The Feminist Press: Yesterday Towson, tomorrow the world


I went to a birthday party Monday. You should have come along. Glasses were raised for the 25th anniversary of the Feminist Press, an institution that by its not-for-profit persuasion is forever poor but has greatly enriched the world of books, and thus the universe of ideas.

Officially "The Feminist Press at the City University of New York," it is housed by CUNY and also employs as a nonteaching professor the legendary Florence Howe, the press' founder, publisher and director. She was very much present, and never for a moment at rest, in the party in a corner of Washington's Union Station.

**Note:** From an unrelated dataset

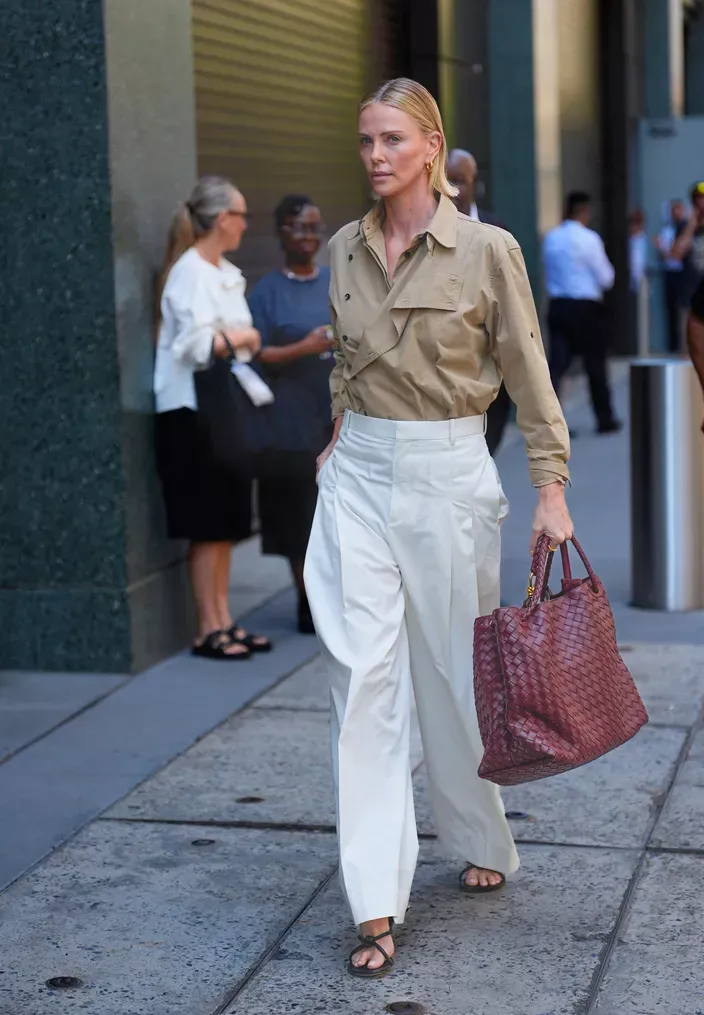 Charlize Theron in flip flops - photo 1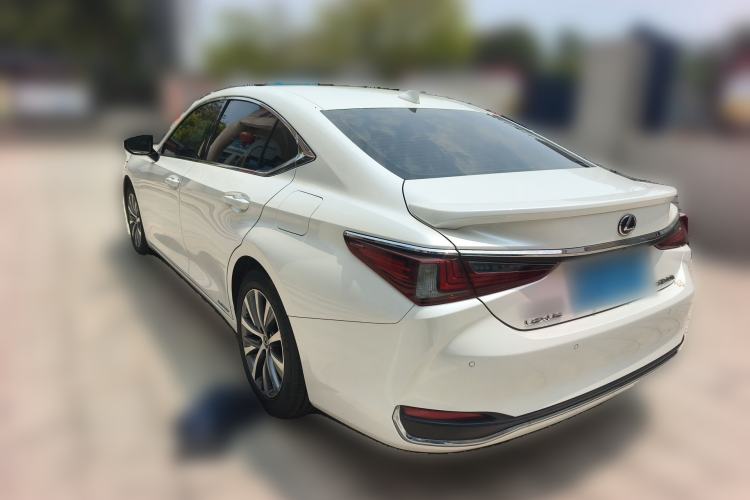 Used Lexus ES 2020 300h Premier Edition Rear Left 45 Deg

It all began in Towson. Ms. Howe was an assistant professor of English at Goucher in the 1960s and already a strong voice in the American feminist movement. In 1970, she formed the Feminist Press on a shoestring and an angry dream because established publishers proved adamantly indifferent to what she believed was important literature about, by or for women.

Today, the press' commitment is to publication of books of enduring scholarly significance, to "restoration of the lost literature and history" of women (with special attention to ethnic minorities), and to doing as much of that as possible in language that is "jargon-free." It maintains a back list of 150 titles and is producing 15 new books this year. But this is its true accomplishment: expanding what I, and you, can and do read. The Press has led; many, many have followed.

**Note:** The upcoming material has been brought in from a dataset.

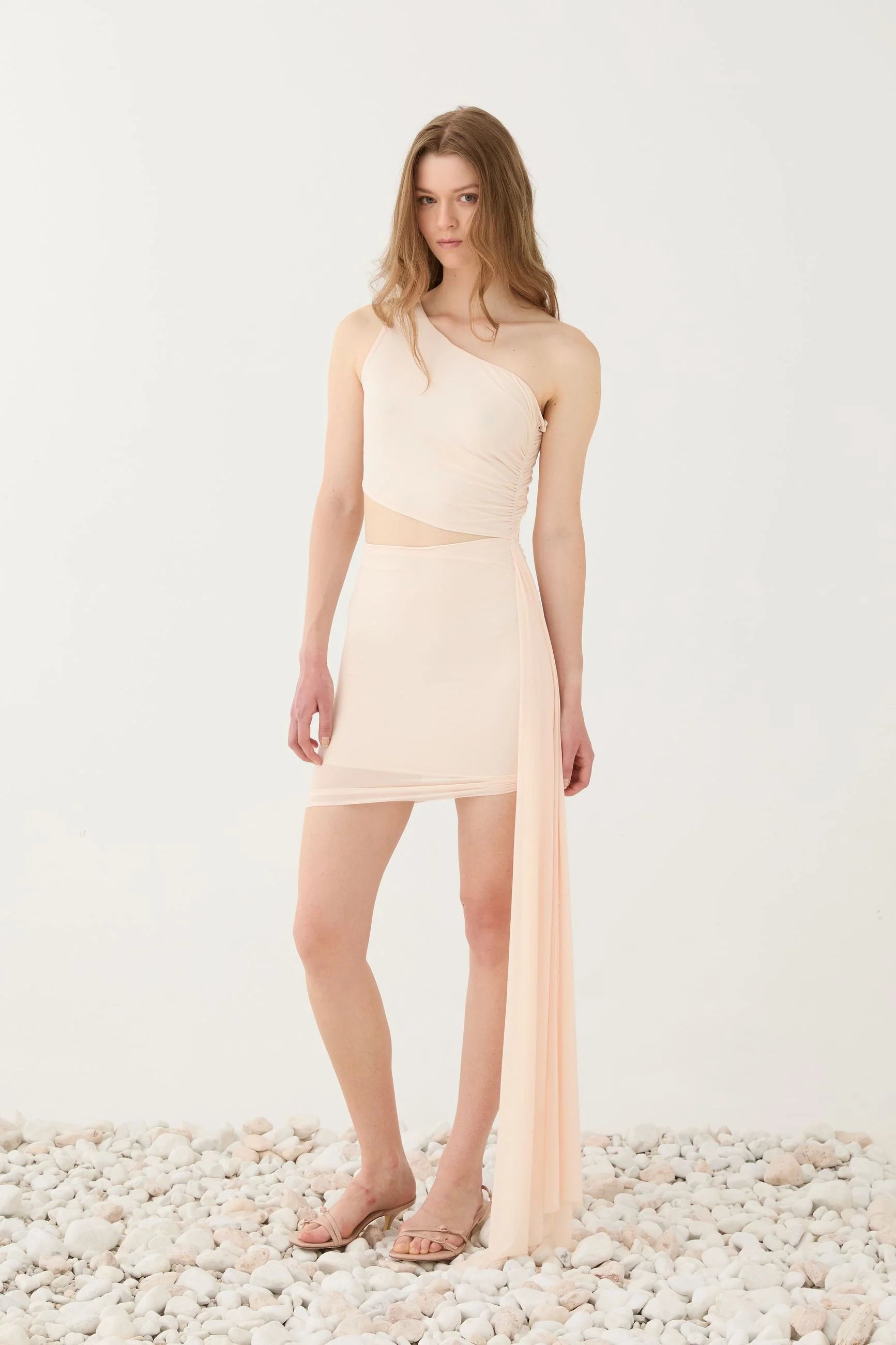 ABITO CON CUT-OUT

When I was young, this perception came to me: The stupidest failure of the world I knew was its underutilization of women. That abiding conviction underlies and nourishes my enthusiasm for feminism and feminist causes more powerfully even than my sense of fairness (which I believe is sound) or my fondness for women as fellow creatures (which is implacable).

My adolescence began as World War II was ending. I was emerging from infantile self-absorption during that brief era in America in which women were being utilized -- and celebrated -- as culture-saving industrial workers. There had always been recognition of powerful women, but they were brilliant exceptions, not natural members of the labor force, the race and fount of production, citizenship, leadership.

In that brief, sweet intermezzo now memorialized as the last righteous war, American women were regarded by men as dues-paying, card-carrying human beings, rather than simply (however lovingly) as ornaments, warmers and feeders. Rosie the Riveter was a genuine American hero. Not, mind you, a heroine; she stood shoulder-to-shoulder with John Wayne. And there were plenty of her.

Then suddenly: Hiroshima -- Boom! Nagasaki -- Boom! Johnny came marching home. He traded in his M-1 for Rosie's rivet gun. Rosie was out of work. Pretty quick, she was barefoot and pregnant. Baby Boom! Peace is Hell.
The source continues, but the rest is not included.